Тогда я еще не знала, что не только я, но и меня саму будут возить контрабандой.
Когда в 80-м, после начала ирано-иракской войны, между Москвой и Тегераном прекратилось авиасообщение, по поздней весне и по ранней осени многие советские сотрудники, работающие в Тегеране, внезапно становились многодетными.
Добраться из Москвы до Тегерана и назад стало возможно только одним способом – поездом Москва-Баку-Тегеран. Ехал он, как в сказке, три дня и три ночи. С Курского вокзала уходил в субботу вечером, а на центральный вокзал Тегерана прибывал в среду после обеда. Сотрудники, отправляющие своих детей на учебный год в Союз и забирающие в Тегеран на каникулы, не могли каждый раз лично их сопровождать, убивая по неделе на дорогу, тратя деньги на билет для себя и лишний раз пересекая границу. Выход быстро придумался: подлежащих транспортировке детей в любом количестве в консульском отделе вписывали в служебные паспорта к тем сотрудникам, которые ехали в отпуск или возвращались из него. Иранских пограничников в Джульфе (азербайджанско-иранский приграничный пункт), где мы проходили досмотр, многодетность советских пар никак не настораживала. Для иранцев «пятеро по лавкам» (в нашем случае – по полкам купе) у тридцатилетней пары – обычное дело.
Таким образом, все мы не по разу и в разных сочетаниях попадали в приемные семьи длиною в четыре дня. А также наши собственные родители, отправляясь в отпуск, «удочеряли» или «усыновляли» кого-нибудь из детей по просьбе их родителей. Среди детей четырехдневное путешествие на поезде считалось лучшим из приключений. А верхом мечтаний было, чтобы тебя доверили везти родителям подружки или наоборот.
Перед пятым классом, когда меня все же отправили поучиться после пропущенных двух лет школы, я, «удочеренная» семьей специалистов с синими паспортами («синими» называли по цвету обложки служебные паспорта; в отличие от «зеленых», дипломатических, «синие» подлежали таможенному досмотру), тайно везла под ковриком купе переданную со мной почту. На самом деле, это были обычные письма наших сотрудников к родным и близким. После второго нападения на наше посольство дипломатическая почта перестала ходить, и весточку родным можно было отправить только с кем-то лично. К тому же, письма, отправленные через МИД, шли очень долго, даже когда еще летал самолет.

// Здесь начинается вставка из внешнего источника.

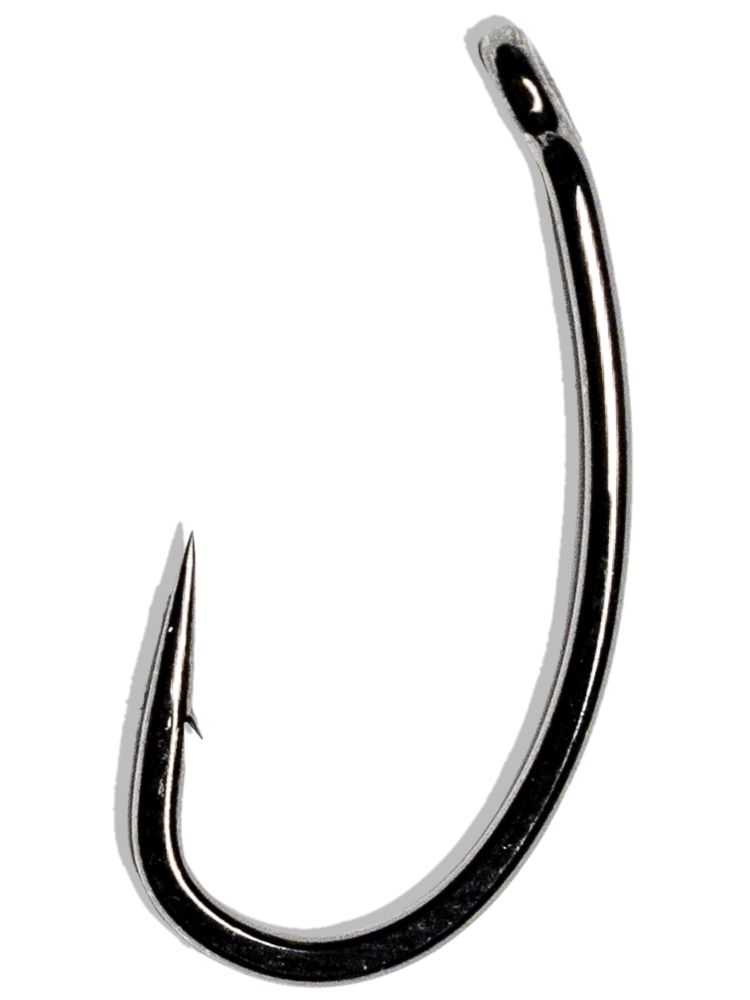 E-shop Nash háčiky steelpoint curve shank original 20 ks - 4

Почему иранская сторона запретила частным лицам возить с собой корреспонденцию, никто толком не понял. Знали только, что досмотреть в случае подозрений могли даже дипломатов, несмотря на то, что это противоречит международным правилам. Но только во время войны обычно на правила всем плевать. Поэтому изобретательные советские специалисты вместо того, чтобы ломать голову над «Кто виноват!», озаботились вопросом «Что делать?» И быстро придумали, как запрет на письма обойти. Заметив, что иранские таможенники никогда не заглядывают под ковролин в СВ (видимо, считая его намертво приделанным к полу), попробовали спрятать почту туда. Это сработало. А потом срабатывало еще неоднократно, и я лично тому свидетель.
Зато иранские таможенники мстили нам собственными странностями.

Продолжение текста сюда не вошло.